The trace metal detection test or technique was developed during the Vietnam War in the 1960s to identify people who may have been carrying firearms against their skin. A 0.2% solution of 8-hydroxyquinoline in isopropanol sprayed on the skin and illuminated with shortwave ultraviolet (UV) light after several minutes reveals a pattern and type of metal based on trace amounts of metal transferred to the skin that are invisible under normal lighting. The technique was later adopted by police in the United States to help determine if a person had carried a firearm. In a California crime an automatic handgun carried in the waistband of a criminal reportedly produced an impression of the weapon's serial number. Presence and persistence of a detectable residue depends primarily on the amount of perspiration, length of contact, and time since exposure.
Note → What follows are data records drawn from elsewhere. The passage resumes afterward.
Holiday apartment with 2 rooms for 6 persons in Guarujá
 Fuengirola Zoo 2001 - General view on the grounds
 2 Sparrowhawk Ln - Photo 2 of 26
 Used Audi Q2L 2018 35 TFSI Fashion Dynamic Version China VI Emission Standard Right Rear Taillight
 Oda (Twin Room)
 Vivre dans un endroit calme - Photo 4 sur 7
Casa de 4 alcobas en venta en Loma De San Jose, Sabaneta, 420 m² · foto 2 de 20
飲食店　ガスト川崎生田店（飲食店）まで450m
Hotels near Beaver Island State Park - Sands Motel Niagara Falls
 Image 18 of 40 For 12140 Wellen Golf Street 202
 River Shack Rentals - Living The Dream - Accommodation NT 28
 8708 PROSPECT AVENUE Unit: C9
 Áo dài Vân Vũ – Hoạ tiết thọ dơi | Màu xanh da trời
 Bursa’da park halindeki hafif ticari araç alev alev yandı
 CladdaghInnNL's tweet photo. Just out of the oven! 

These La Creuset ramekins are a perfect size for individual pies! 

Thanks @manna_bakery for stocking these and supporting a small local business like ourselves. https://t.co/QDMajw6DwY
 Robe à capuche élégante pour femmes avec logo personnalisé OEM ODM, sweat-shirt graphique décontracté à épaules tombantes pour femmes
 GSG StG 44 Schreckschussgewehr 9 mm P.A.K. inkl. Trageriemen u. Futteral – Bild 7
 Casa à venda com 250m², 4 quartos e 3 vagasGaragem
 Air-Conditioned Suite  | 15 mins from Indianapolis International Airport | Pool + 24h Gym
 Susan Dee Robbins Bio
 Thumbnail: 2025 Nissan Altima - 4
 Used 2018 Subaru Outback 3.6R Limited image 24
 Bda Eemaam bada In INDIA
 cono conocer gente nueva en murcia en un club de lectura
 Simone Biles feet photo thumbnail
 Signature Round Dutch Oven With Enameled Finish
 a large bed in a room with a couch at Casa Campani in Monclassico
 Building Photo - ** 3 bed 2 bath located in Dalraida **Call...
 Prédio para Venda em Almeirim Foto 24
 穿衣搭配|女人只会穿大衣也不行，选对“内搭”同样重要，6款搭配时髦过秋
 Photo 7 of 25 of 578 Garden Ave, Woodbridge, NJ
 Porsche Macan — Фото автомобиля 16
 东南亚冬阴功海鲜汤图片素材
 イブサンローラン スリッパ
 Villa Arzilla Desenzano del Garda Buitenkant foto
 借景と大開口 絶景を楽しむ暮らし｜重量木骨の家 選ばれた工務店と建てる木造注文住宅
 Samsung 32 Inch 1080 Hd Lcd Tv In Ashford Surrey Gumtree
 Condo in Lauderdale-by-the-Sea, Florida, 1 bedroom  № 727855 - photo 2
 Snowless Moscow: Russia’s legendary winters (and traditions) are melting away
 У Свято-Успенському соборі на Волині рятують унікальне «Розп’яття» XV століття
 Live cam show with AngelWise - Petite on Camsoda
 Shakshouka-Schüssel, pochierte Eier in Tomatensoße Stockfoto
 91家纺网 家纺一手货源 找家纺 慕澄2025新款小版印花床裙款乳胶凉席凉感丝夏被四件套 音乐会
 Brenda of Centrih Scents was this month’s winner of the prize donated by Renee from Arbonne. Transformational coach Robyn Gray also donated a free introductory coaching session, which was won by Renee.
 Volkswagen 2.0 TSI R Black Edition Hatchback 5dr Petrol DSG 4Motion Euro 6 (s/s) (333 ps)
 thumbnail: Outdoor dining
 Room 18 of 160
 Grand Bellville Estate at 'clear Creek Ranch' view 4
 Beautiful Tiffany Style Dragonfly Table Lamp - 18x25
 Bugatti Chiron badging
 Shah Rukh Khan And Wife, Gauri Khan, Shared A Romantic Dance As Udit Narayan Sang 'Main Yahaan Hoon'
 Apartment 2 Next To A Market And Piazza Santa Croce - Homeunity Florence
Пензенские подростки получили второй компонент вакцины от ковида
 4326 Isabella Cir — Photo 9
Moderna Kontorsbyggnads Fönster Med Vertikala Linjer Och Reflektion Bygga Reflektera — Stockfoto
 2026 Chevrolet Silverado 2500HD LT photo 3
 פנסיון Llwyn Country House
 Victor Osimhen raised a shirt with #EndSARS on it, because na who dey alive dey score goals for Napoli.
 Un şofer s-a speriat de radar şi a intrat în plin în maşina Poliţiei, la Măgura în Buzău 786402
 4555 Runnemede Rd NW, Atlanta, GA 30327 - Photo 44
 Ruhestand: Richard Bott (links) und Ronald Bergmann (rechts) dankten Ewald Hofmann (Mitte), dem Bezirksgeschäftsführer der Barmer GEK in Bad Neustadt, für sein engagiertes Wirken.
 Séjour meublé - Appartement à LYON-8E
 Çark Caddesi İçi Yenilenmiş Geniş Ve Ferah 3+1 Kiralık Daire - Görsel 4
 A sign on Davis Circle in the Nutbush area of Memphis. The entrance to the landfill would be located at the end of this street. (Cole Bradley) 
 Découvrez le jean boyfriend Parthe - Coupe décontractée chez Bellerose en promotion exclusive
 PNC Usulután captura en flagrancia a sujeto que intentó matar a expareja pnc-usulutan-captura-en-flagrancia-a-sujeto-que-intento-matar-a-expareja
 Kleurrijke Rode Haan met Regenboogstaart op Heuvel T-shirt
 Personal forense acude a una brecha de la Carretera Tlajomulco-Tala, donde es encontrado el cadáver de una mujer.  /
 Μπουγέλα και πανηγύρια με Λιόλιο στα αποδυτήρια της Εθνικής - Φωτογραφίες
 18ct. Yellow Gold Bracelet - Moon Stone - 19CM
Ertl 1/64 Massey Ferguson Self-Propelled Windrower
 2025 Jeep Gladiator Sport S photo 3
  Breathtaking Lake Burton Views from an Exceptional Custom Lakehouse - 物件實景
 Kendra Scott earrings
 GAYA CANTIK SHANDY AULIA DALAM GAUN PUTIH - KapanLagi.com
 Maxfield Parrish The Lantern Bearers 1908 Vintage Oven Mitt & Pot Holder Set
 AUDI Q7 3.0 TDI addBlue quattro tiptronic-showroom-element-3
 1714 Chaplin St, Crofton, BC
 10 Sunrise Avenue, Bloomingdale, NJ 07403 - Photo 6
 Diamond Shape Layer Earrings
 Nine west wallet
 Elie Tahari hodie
A few minutes of exposure can leave detectable residue and the result can remain for up to forty-eight hours.

Preservation of the results is done with black-and-white and color photography. Use of a shortwave ultraviolet filter over the camera flash can be used to record the results, although a steady source of UV is preferred. In either case a darkened area is needed for screening purposes. Another reagent, 0.5 percent 2-nitroso-1-naphthol in acetone, eliminated the need for a UV light but is limited to a four-hour-window versus the forty-eight for 8-hydroxyquinoline.